EXCLUSIVE: The BBC is returning to the early days of the First World War for their next drama project. I’ve learned that BBC Two has given the green-light to a new three-part factual drama titled 37 Days about the breakout of the First World War. I hear that production on the drama recently began in Belfast, Northern Ireland. BBC Two controller Janice Hadlow will be announcing the drama later today at the Edinburgh International TV Festival.

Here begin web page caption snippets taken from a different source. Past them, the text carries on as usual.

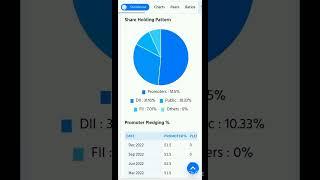 Best stocks to buy after budget 2023Green Energy stocks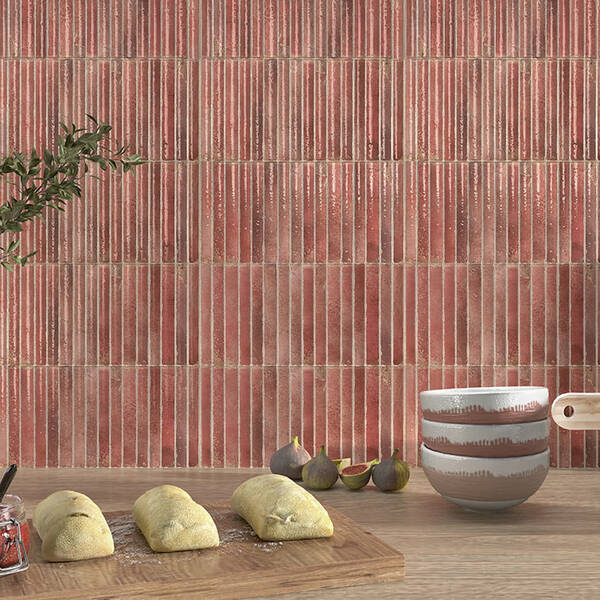 Плитка керамогранітна PT03370 Wynn Rouge 150x300 Mainzu - Зображення 248836530-854e4.jpg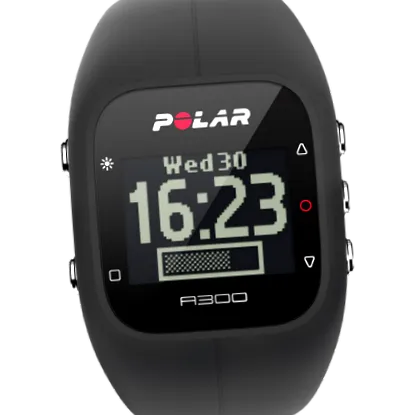 polar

Penned by Mark Hayhurst, 37 Days tells the story of the last 37 days before the outbreak of the First World War. Sources have said that the project differentiates itself from previous dramas about the breakout of the war by exploring the “untold” story of what went on behind closed doors in the corridors of power. The drama follows the rapidly changing crisis through the eyes of the principal players, during a hot summer from the assassination of Archduke Franz Ferdinand on 28 June 1914, to the declaration of war between Britain and Germany on 4 August. I hear that the three-parter has been in development at the BBC since early 2012 and is being produced by independent production company Hardy Pictures, who have some experience with historical dramas with their last such entry being the 2011 drama The Man Who Crossed Hitler, again for BBC Two. Sue Horth and Justin Hardy are serving as executive producers. While Hardy Pictures’ Creative Director Justin Hardy is also directing.
I’ve also learned that BBC Two and Hardy Pictures have assembled a strong cast for this three-parter. According to my sources the drama will star Ian McDiarmid (Star Wars), Tim Pigott-Smith (The Great Train Robbery), Sinéad Cusack (Camelot), Kenneth Cranham (In The Flesh), Bill Patterson (Law & Order: UK), Ian Beattie (Game of Thrones), Nicholas Farrell (Secret State), James McArdle (Love and Marriage), Niall Cusack (Wodehouse In Exile), Patrick Fitzsymons (The Man Who Crossed Hitler), George Lenz (Page Eight: Salting The Battlefield), Stephan Szasz and Rainer Sellien.
This is the latest drama project about the First World War to get a green-light at the BBC. Other recent commissions include The Wipers Times, about the satirical magazine which was published in the trenches, for BBC Two; The Great War for BBC One, which tells the story of two soldiers, one British and one German, who enlist in a war they expect will be over within months; and a new six episode drama series titled The Ark for BBC One, which follows a group of army medics during the war. All of these dramas are understood to be part of the corporation’s output for the upcoming centenary of World War One.